• Records provided:
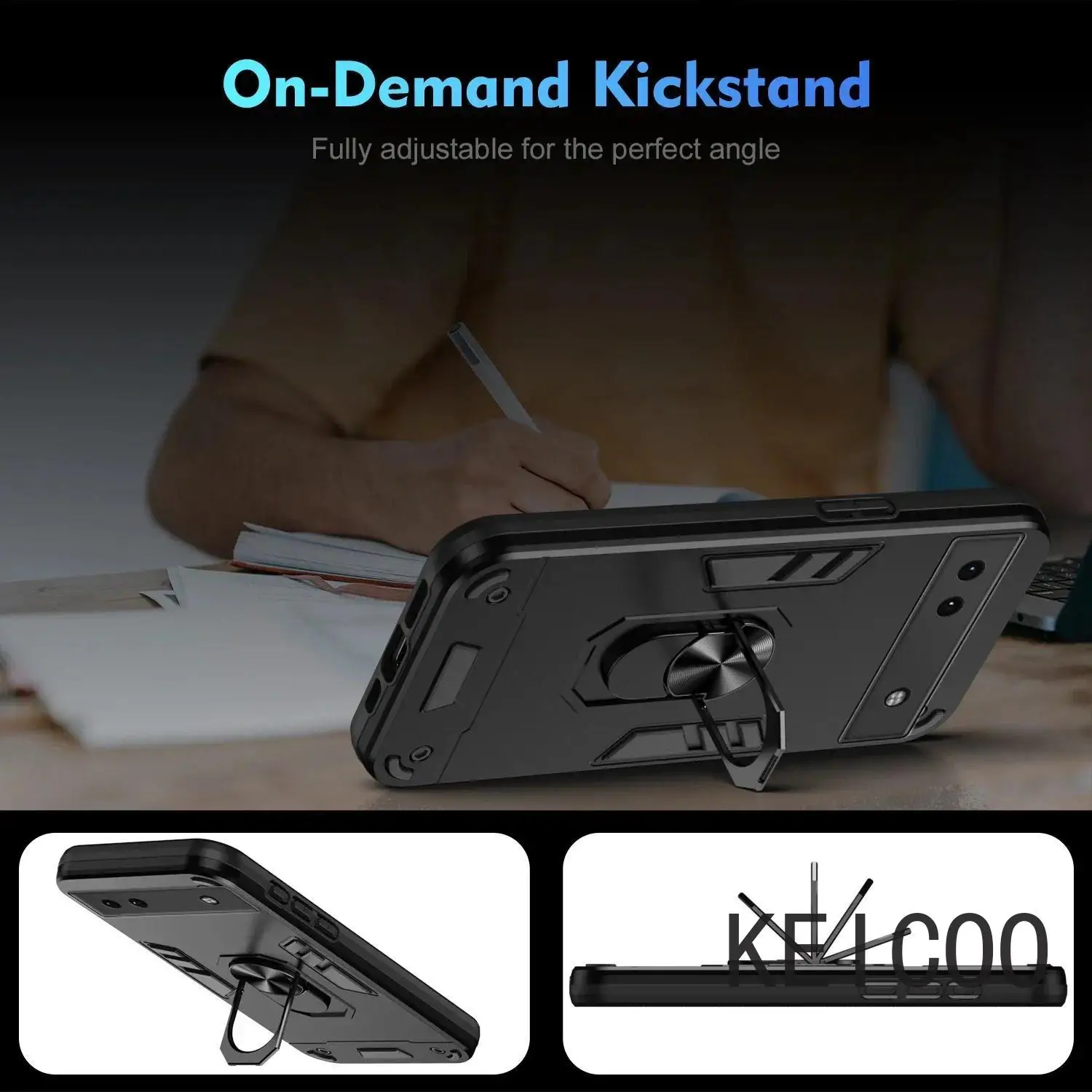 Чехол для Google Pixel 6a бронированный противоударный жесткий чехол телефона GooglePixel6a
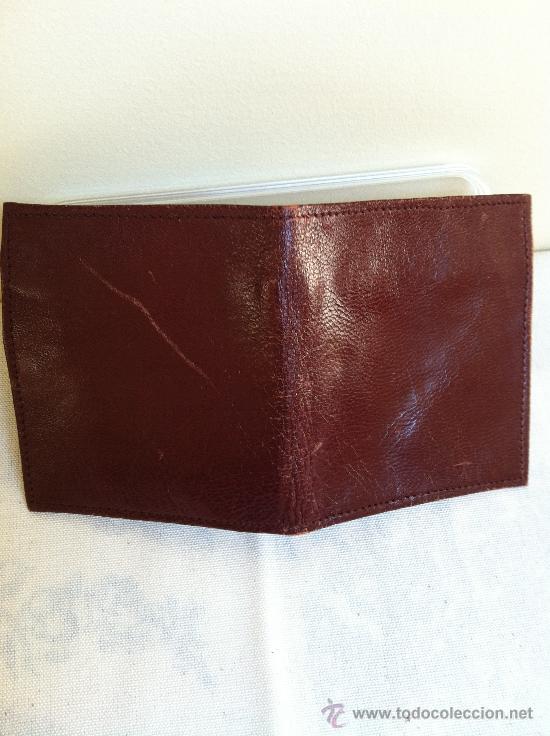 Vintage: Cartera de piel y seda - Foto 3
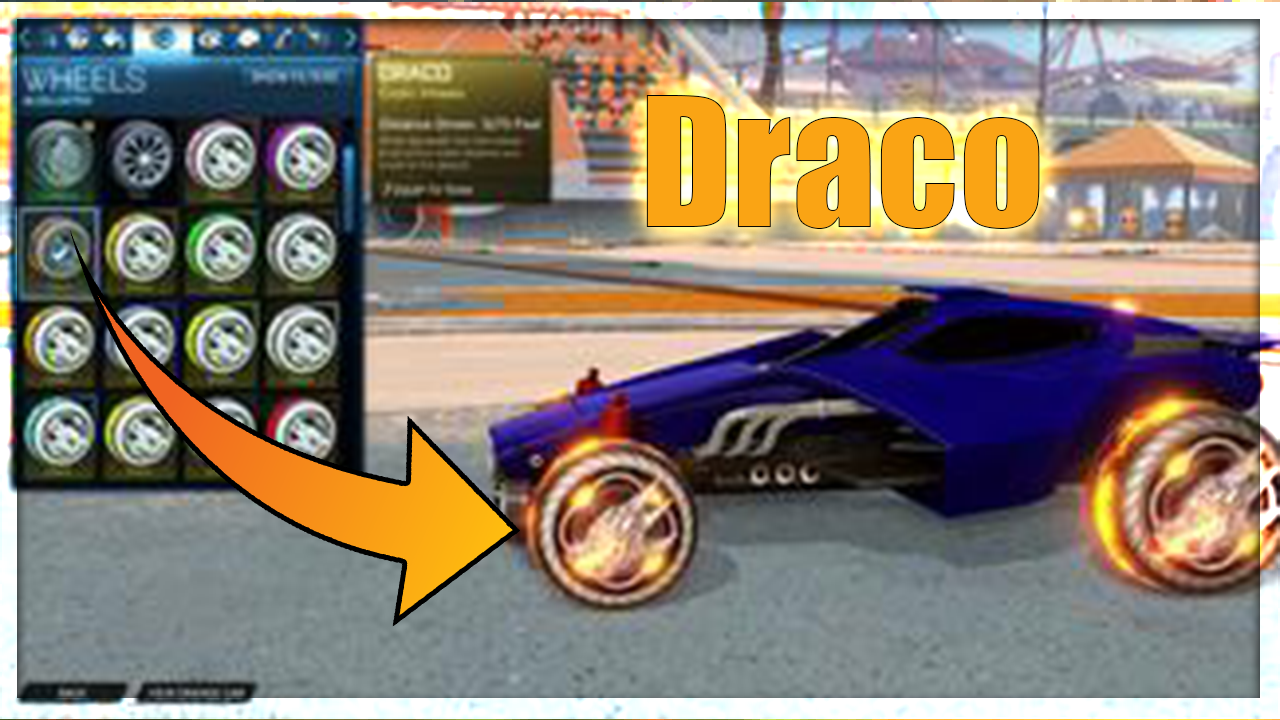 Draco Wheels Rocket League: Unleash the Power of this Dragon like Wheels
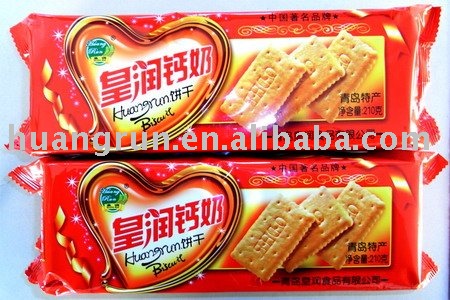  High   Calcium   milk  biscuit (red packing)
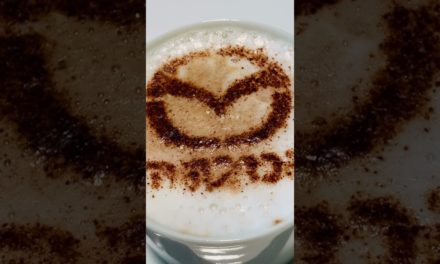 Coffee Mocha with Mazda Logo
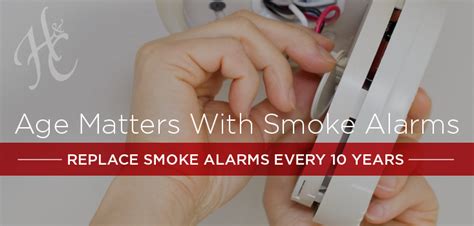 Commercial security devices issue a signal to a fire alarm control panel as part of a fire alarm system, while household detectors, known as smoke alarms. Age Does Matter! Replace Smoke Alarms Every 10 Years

• Exercise aim:
Leave the pictures out and retype only the lines from the line with "Draco Wheels Rocket" through the final line of the material, both ends included, word for word.

• Response:
 Draco Wheels Rocket League: Unleash the Power of this Dragon like Wheels
  High   Calcium   milk  biscuit (red packing)
 Coffee Mocha with Mazda Logo
 Commercial security devices issue a signal to a fire alarm control panel as part of a fire alarm system, while household detectors, known as smoke alarms. Age Does Matter! Replace Smoke Alarms Every 10 Years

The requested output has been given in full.